Here is an article that deals with Coase laws and the economics of property law.

The lack of defined property rights leads to the abuse of certain activities as a result of a differing perceptions regarding how choices affect marginal private benefits and social costs. How does this impact society and what does this say about how private enterprises make choices? let’s use the example of pollution and the effects on property owners.

A particular firm that is polluting the air will continue to do so because to the firm, the private cost of polluting is zero, and the social costs need not be considered. The external costs imposed on society (the social cost of the pollution) will not be factored into cost analysis of the firm.

The result is the overproduction of pollution, to the nearby landowner the experience of production externalities, because there is no preventive law allocating the air to any individual or entity. One method to prevent the overproduction of the ‘bad’ of pollution is to allocate air property rights to individuals. Now if the firm were to produce air pollution that was in excess to what particular land owners were comfortable with, these property owners would be provided a method to seek compensation for the pollution infringing on their land. The economic position of creating property rights for air is one which involves the prevention of the overproduction of air pollution by creating a deterrent effect with the establishment of the property right. Firms will be cognizant of the surrounding property owners, and will be more aware of the social costs of their pollution production.

Another effect of the property law is property value. Without the law, the particular value of land with considerable pollution will be lower, passing on the externality to the owner once again. If the courts allowed particular compensation for air pollution, this would permit the pareto efficient move, and prevent a pareto worsening move, the overproduction of the pollution. The establishment of the property rights is a method of externalising the costs of, in this case, pollution.

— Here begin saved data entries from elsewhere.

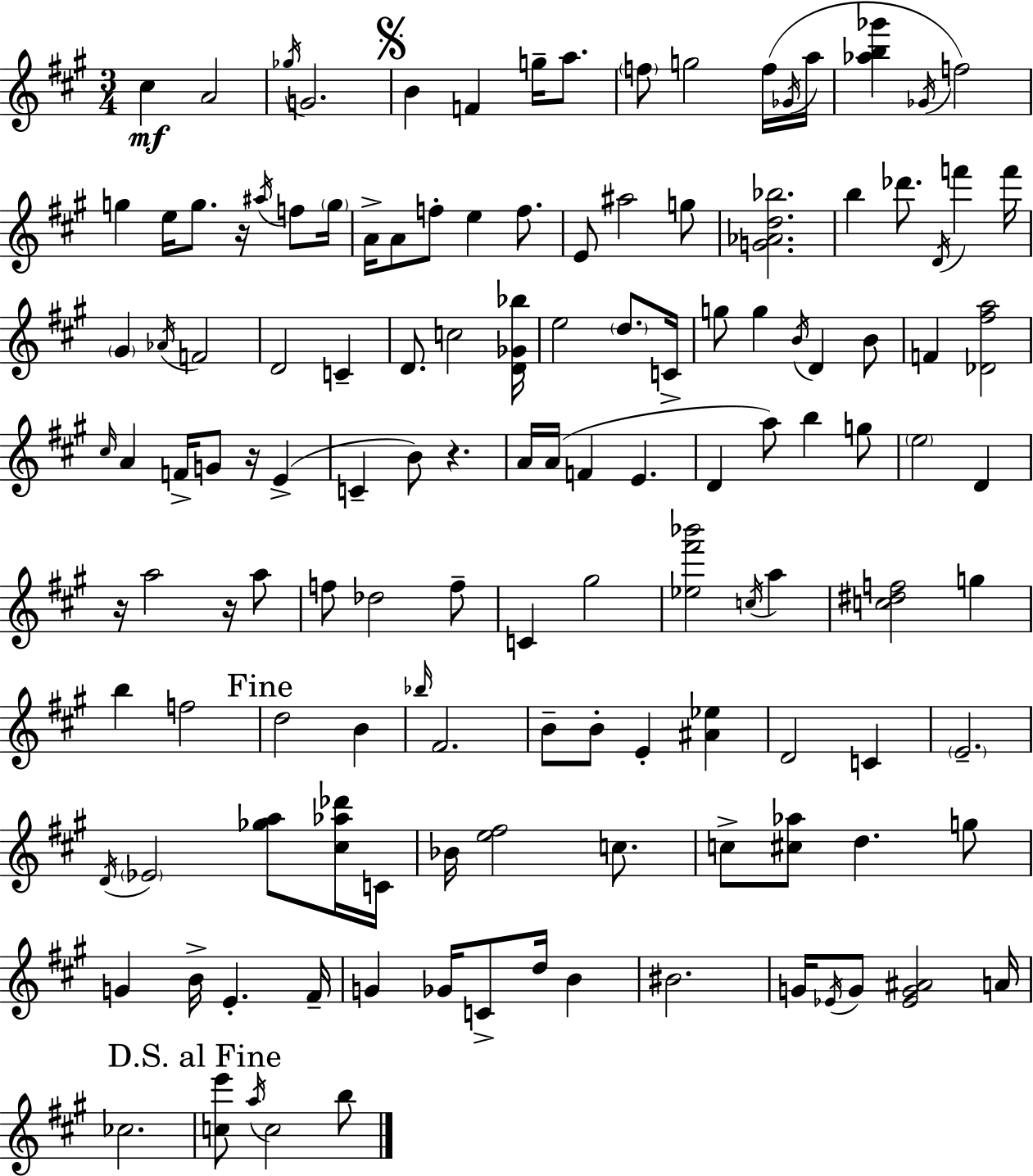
{
  \clef treble
  \numericTimeSignature
  \time 3/4
  \key a \major
  cis''4\mf a'2 | \acciaccatura { ges''16 } g'2. | \mark \markup { \musicglyph "scripts.segno" } b'4 f'4 g''16-- a''8. | \parenthesize f''8 g''2 f''16( | \break \acciaccatura { ges'16 } a''16 <aes'' b'' ges'''>4 \acciaccatura { ges'16 } f''2) | g''4 e''16 g''8. r16 | \acciaccatura { ais''16 } f''8 \parenthesize g''16 a'16-> a'8 f''8-. e''4 | f''8. e'8 ais''2 | \break g''8 <g' aes' d'' bes''>2. | b''4 des'''8. \acciaccatura { d'16 } | f'''4 f'''16 \parenthesize gis'4 \acciaccatura { aes'16 } f'2 | d'2 | \break c'4-- d'8. c''2 | <d' ges' bes''>16 e''2 | \parenthesize d''8. c'16-> g''8 g''4 | \acciaccatura { b'16 } d'4 b'8 f'4 <des' fis'' a''>2 | \break \grace { cis''16 } a'4 | f'16-> g'8 r16 e'4->( c'4-- | b'8) r4. a'16 a'16( f'4 | e'4. d'4 | \break a''8) b''4 g''8 \parenthesize e''2 | d'4 r16 a''2 | r16 a''8 f''8 des''2 | f''8-- c'4 | \break gis''2 <ees'' fis''' bes'''>2 | \acciaccatura { c''16 } a''4 <c'' dis'' f''>2 | g''4 b''4 | f''2 \mark "Fine" d''2 | \break b'4 \grace { bes''16 } fis'2. | b'8-- | b'8-. e'4-. <ais' ees''>4 d'2 | c'4 \parenthesize e'2.-- | \break \acciaccatura { d'16 } \parenthesize ees'2 | <ges'' a''>8 <cis'' aes'' des'''>16 c'16 bes'16 | <e'' fis''>2 c''8. c''8-> | <cis'' aes''>8 d''4. g''8 g'4 | \break b'16-> e'4.-. fis'16-- g'4 | ges'16 c'8-> d''16 b'4 bis'2. | g'16 | \acciaccatura { ees'16 } g'8 <ees' g' ais'>2 a'16 | \break ces''2. | \mark "D.S. al Fine" <c'' e'''>8 \acciaccatura { a''16 } c''2 b''8 | \bar "|."
}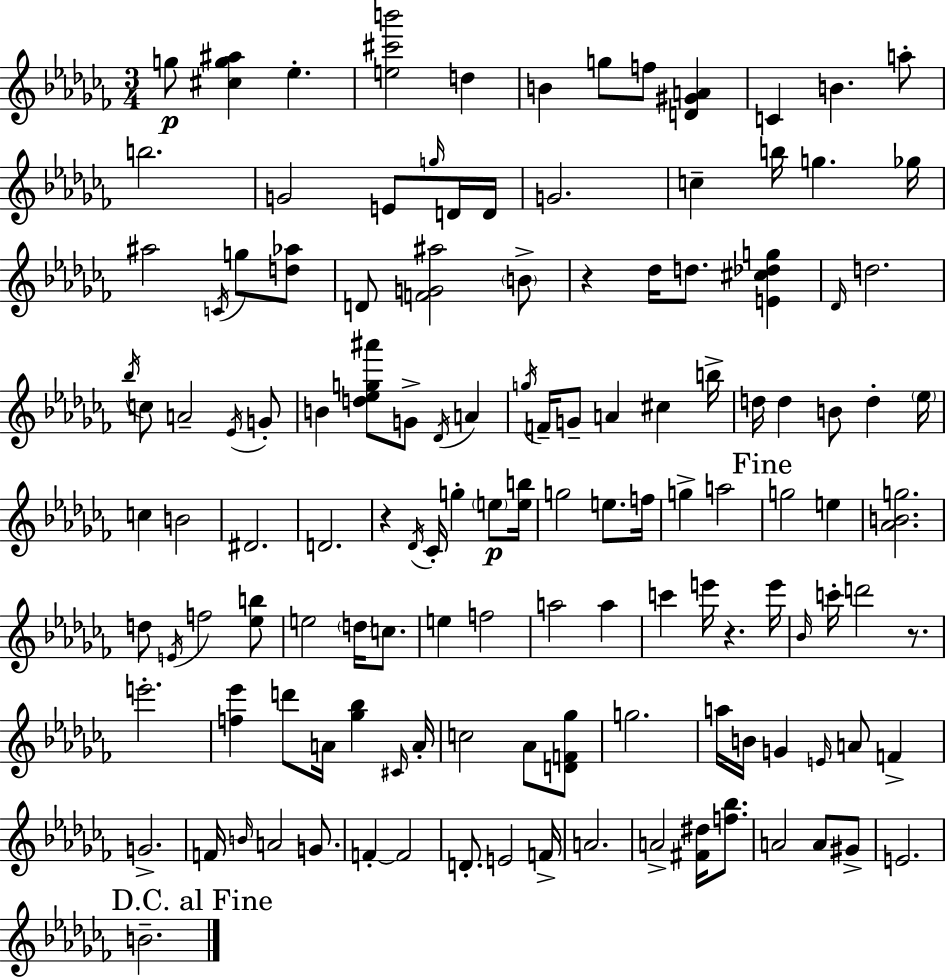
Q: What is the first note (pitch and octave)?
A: G5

The economist responsible for the ‘externalities’ theory Dr. Coase suggested that the costs of the externalities could in fact be internalised to the cost-producer without external intervention, such as the courts. Rather than expending costs on creating new laws for pollution, Coase argued that the polluter and pollutee, if possible, could negotiate payments that would make each better off, thereby in the process choosing the Kaldor- Hicks (an economic measurement comparing total social costs to total social benefits) efficient combination of externality costs and subsequent reductions of these costs.

Coase was attempting to incorporate criteria for his theory to hold. This included decisions that minimized the sum of harms for both parties involved. If one firm is required to abate pollution, this in term is a pareto worsening move for the firm, yet beneficial to the particular land owner. A decision in the reverse would find the firm better off at the expense of the landowner. Therefore a solution must be reached that find the optimal amount of reduction for the firm that considers the maximum willingness to pay for abatement on behalf of the landowner. Another criteria suggest that negotiations will only take place if the net result leads to an increase in the value of production. Essentially once negotiating costs have been considered, the increase in the value of production should still be positive.

In a economic system that permits such negotiations, and if land owners have property laws in place to protect and facilitate both parties interested, than this alternate way of approaching the social costs of pollution and corresponding compensatory planning could expand and grow in popularity. Putting a cost to the amount of pollution based on a compensatory scale could make producers/private enterprises think twice about who is affected and how much pollution they are producing.